Cached Prediction and Feature Extraction:

  • cached_yolo_predict(yolo_model, video_path, cache_params): Uses joblib’s Memory to cache YOLO predictions, avoiding redundant computations.

  • cached_feature_extraction(yolo_model, video_path, cache_params): Extracts features from the YOLO model by hooking into the penultimate layer and caches the results.

Data Conversion Functions:

  • convert_probs_to_timelinelabels(probs, label_map, threshold): Converts probability outputs to timeline labels suitable for Label Studio.

  • convert_timelinelabels_to_probs(regions, label_map, max_frame): Converts annotated regions back into a sequence of probabilities for training.

Conclusion

The TimelineLabels ML backend integrates seamlessly with Label Studio to provide temporal multi-label classification capabilities for video data. The architecture leverages pre-trained YOLO models for feature extraction and enhances them with an LSTM neural network for capturing temporal dependencies.

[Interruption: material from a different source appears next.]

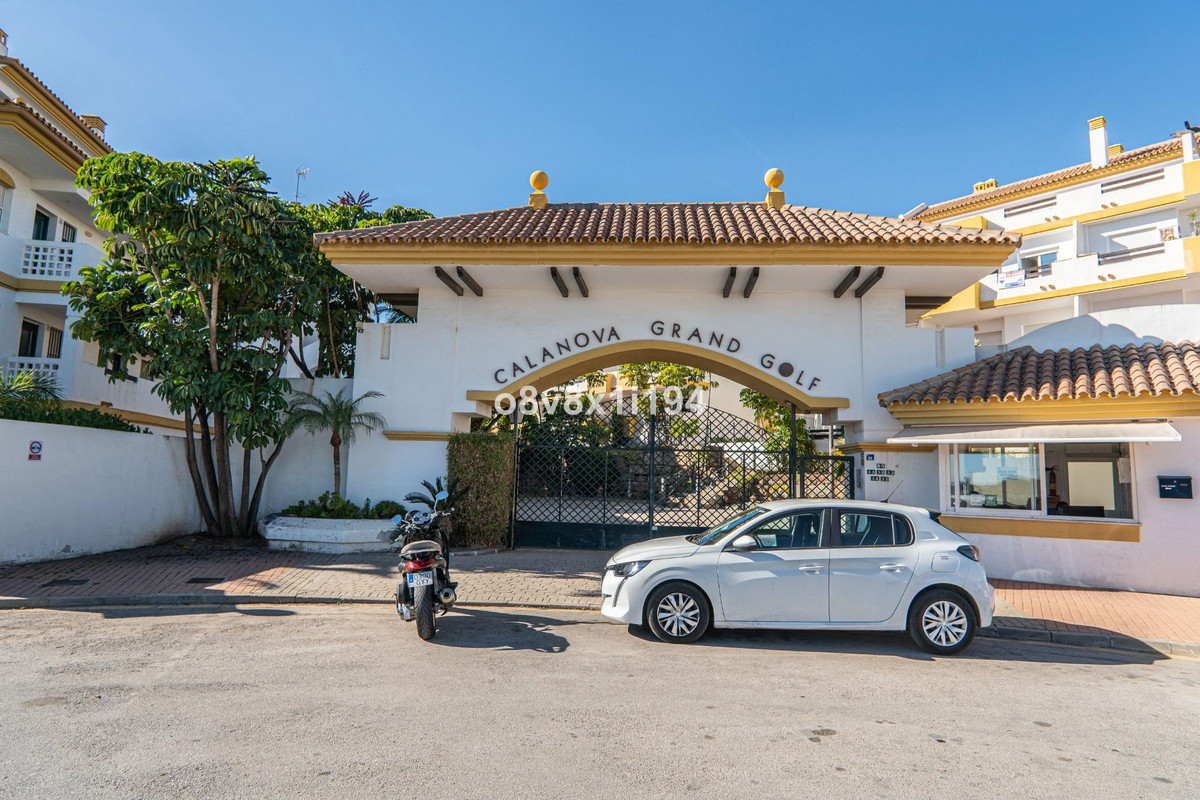 Appartement te koop in Mijas | 2 slaapkamers H4648756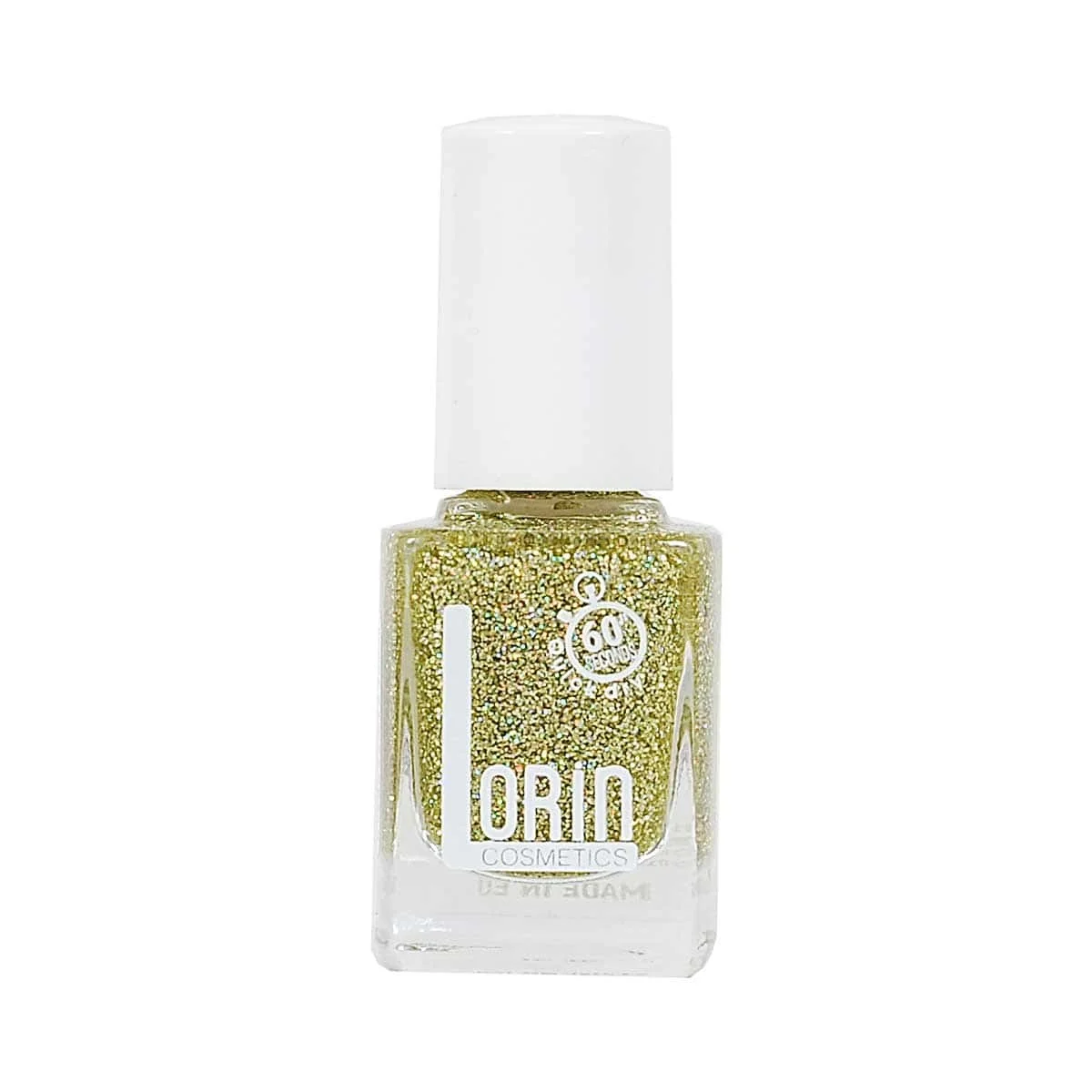 Φωτογραφία προϊόντος: Medipharmacy Lorin Fast Dry Nail Polish 60" No 184 13 ml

Understanding the class hierarchies and method flows is crucial for developers looking to extend or modify the backend. By following the starting points and execution flows outlined in this guide, developers can navigate the codebase more effectively and implement custom features or optimizations.

Note: For further development or contributions, please refer to the README_DEVELOP.md file, which provides additional guidelines and architectural details.